Based on your anticipated costs (capital, fixed and variable), the next step is to cash flow forecast for the first twelve months of being in business Thus, simply document the projected income and outgoings of your business for the first year.

Your cash flow forecast should list all the payments and expenditure you expect for the given period, the cash surplus or deficit left over after income and outgoings are accounted for, plus your business’s account balance at the beginning and the end of the period. This could be tricky to predict, but the easiest way is to estimate demand for your product or service based on any market research completed to-date. 

You can put in costs according to quotes you have received from potential suppliers. Cash flow forecasts are typically presented as a spread sheet document, but an increasing amount of business owners use business accounting software to further automate the calculations subtotalling all their categories of income and outgoings. It’s always a good idea to consult an accountant to ensure greater accuracy.


Remember, a cash flow forecast is only as valuable as the information and detail put into it. Next, what have you got in the bank? You’ll need this money to support your business in its start-up phase and pay-off necessary business and personal expenses such as payroll, rent, utilities, etc. until the business is self-sustaining.

Using a spreadsheet, create a list of the start-up expenses and capital expenditures that you expect to incur, alongside the assets that you have. Try to assign costs to each expense, even if it’s a best guess.

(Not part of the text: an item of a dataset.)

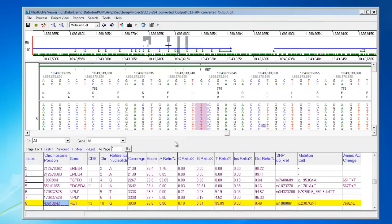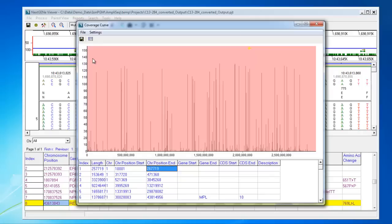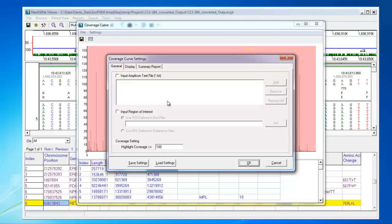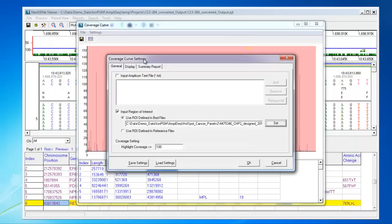Another report that's very useful for AmpliSeq data is the Coverage Curve report, which can be accessed from the Reports menu. This report highlights any low coverage regions. You can open up the settings for this report, and choose to input a region of interest. You can click Set to load the BED file for your targeted regions.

If you are planning to start a business, it is critical to determine your budgetary needs. Since every business is different, and has its own specific cash needs at different stages of development, there is no universal method for estimating your startup costs.

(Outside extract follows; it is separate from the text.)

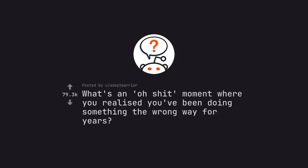Ask Reddit by AdoptWarrior. What's a no-shit moment where you realized you've been doing something the wrong way for years?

Some businesses can be started on a smaller budget, while others may require considerable investment in inventory or equipment. Additional considerations may include the cost to acquire or renovate a building or the purchase of long-term equipment.

While identifying these costs, decide whether they are essential or optional. A realistic startup budget should only include those things that are necessary to start a business.

The most effective way to calculate your startup costs is to simply use a worksheet that lists both one-time and ongoing costs. It’s common to operate at a loss when you first start a business. You’ll need to make sure you have enough money in reserve to sustain yourself during this period. A cash flow forecast will help predict if you are financially prepared to start up.

When you write up your business plan, this should be one of the business factors you address. Where will your cash come from, and where does it flow to?

How long will you have to fund your business before it starts to make a profit?

Making revenue is not the same as making a profit. Profit is what you get to keep! Total up how many obligations you have and then project when you’ll be able to meet them.

How Much Time Will I Need To Invest?

The length of time it takes to start a business depends on the type of business, the complexity of the business, and the type of location. If you are starting a home-based business with just one person, no employees, no bank loan, no products (basically just you and a computer), you could probably get started in a month or two.

At the other end of the spectrum, a business that manufactures products in a large facility, with lots of employees might take up to a year to get started. In general though, if you need a location and can find one that doesn't need too much renovation, you can start a retail business or service business in less than six months.

The easiest answer to this question is … “As Much As It Takes!” While there is light at the end of the tunnel and not every day will have your nose to the grindstone, you need to be willing to invest your time into the business to begin with. If you manage your business correctly, put in the time and money, and have the knowledge and passion, you are well on your way to being successful.